7. Your email sounded like a broken record.
Repetition is your enemy. Nobody has time for that! You need to be concise.
You need to say as much as you can in as few words as possible. If you say "check this out" three times within 200 words, the reader is going to think you're annoying, and probably won't reply to your email.
Instead of harking on an idea or phrase, or on what you think the reader needs to do, give them helpful information as quickly as possible.
8. You asked me to do too many things.
When you ask a person to do multiple things, you're increasing their cognitive load and adding to their to-do list.
A person's working memory usually holds 10-15 seconds worth of information, and they can typically read 200 words per minute (see point 2). That means you have 35-50 words to explain why someone should take that next step.
Keep it simple. Make it easy. If you want someone to reply to your email, don't ask for more than one thing at a time.
9. You didn't ask me to do anything.
People aren't going to do anything without a bit of encouragement. You could have the most well-crafted message in the world, but if you don't provide a call-to-action, it's pointless!
If you don't give the reader the next step, their reaction will be "OK," and they'll move on. What you want is "OK, and now I need to do X."
10. I was busy when I read it, and forgot about it.
How many times has your spouse asked you to do one thing while you were busy doing something else, and then you completely forgot about it?
Even if your message adds value, it's reasonable that someone will forget about it as soon as they click away.
11. I didn't feel like being formal.
Emails tend to be overly "professional" and verbose. It's usually possible to condense the message of a 200-300-word email into the space of a single text. If you want someone to reply to your email, talk to them like a real person.
12. You were trying too hard.
Whether you're conscious of it or not, people are generally great at understanding how you feel through your tone and syntax. If you're trying really hard to get the sale, people can tell.
It's like when you mistakenly answer a sales call. You can tell whether the salesman is nervous about his script or confident in his approach. Similarly, people know when your email isn't written with confidence.
Being apologetic, overly zealous, or too "understanding" of how busy the recipient sends a red flag to readers not to trust you. If they don't trust you, they won't reply to your email.
13. I wasn't the right person to talk to.
If I'm not the person you need to reach, I'm just going to ignore you. If you don't know who to talk to, you probably haven't had any prior contact with our business.
When people read "could you connect me with the right person," they often check out. No one wants to be the messenger introducing a random salesman.
14. I didn't see how responding would benefit me.
What value are you providing? People need to know that interacting with you or responding to your message is going to benefit them in some way.
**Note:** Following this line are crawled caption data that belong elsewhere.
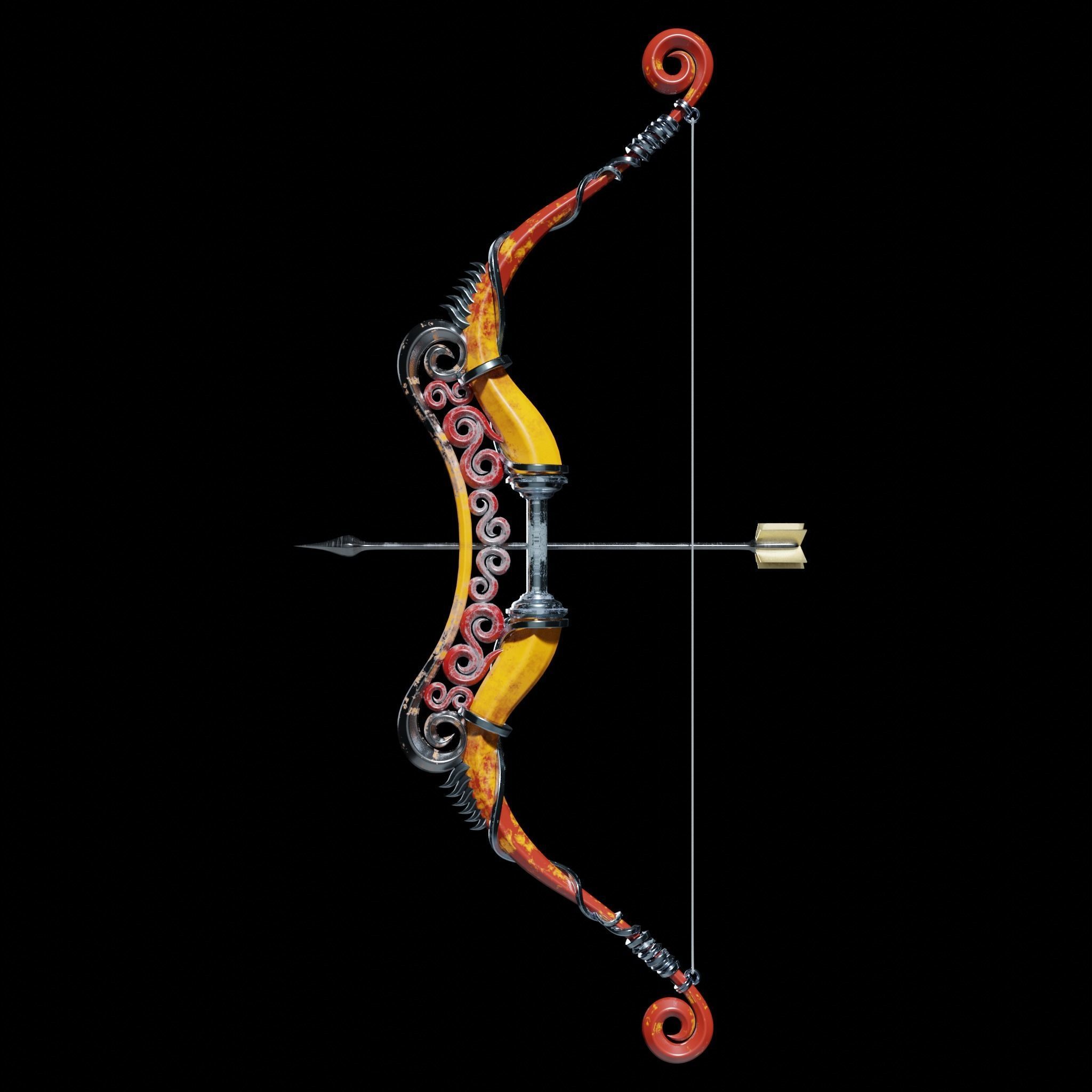 Bow and Arrow 3D model_2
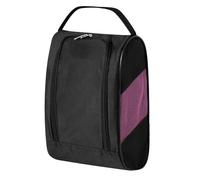 Custodia da trasporto per scarpe da golf, borsa per scarpe da golf, borsa per il trasporto con cerniera con ventilazione, borse traspiranti per tees, palline, Rosa, riferimento alla descrizione
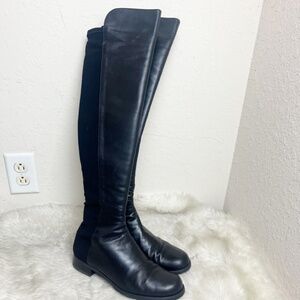 Stuart Weitzman Black Leather 5050 Over The Knee Boots Size 8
No one wants to waste their time. If you don't provide an immediately apparent value, no one will reply to your email.
15. It would take too long to reply to your email.
People value their time more than they value anything else. They don't want to waste it on something that won't be helpful.
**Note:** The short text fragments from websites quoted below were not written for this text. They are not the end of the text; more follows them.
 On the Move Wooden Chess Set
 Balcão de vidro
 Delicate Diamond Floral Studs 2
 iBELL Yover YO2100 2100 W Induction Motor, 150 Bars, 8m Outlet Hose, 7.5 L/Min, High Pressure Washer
But people will gladly take time for something that will free up more time for them later. You have to prove that you're worth their time and that you'll be able to give them more of it.
What's the solution?
All in all, people don't enjoy emails like they used to. Emails aren't as bad as voice mail, but people get so many of them every day! Truthfully, if you want to reach more people and get replies more often, you need to text with your prospects.
99% of text messages are read, and they have a 45% average response rate. What would that do for your ratios?
These days, people prefer quick and simple communication. That's why tweets, texts, and social media direct messages have become so popular.
There's always something you can do to improve your emails. But it's safe to say that one reason people didn't reply to your email is simply because you sent an email. Why not try texting?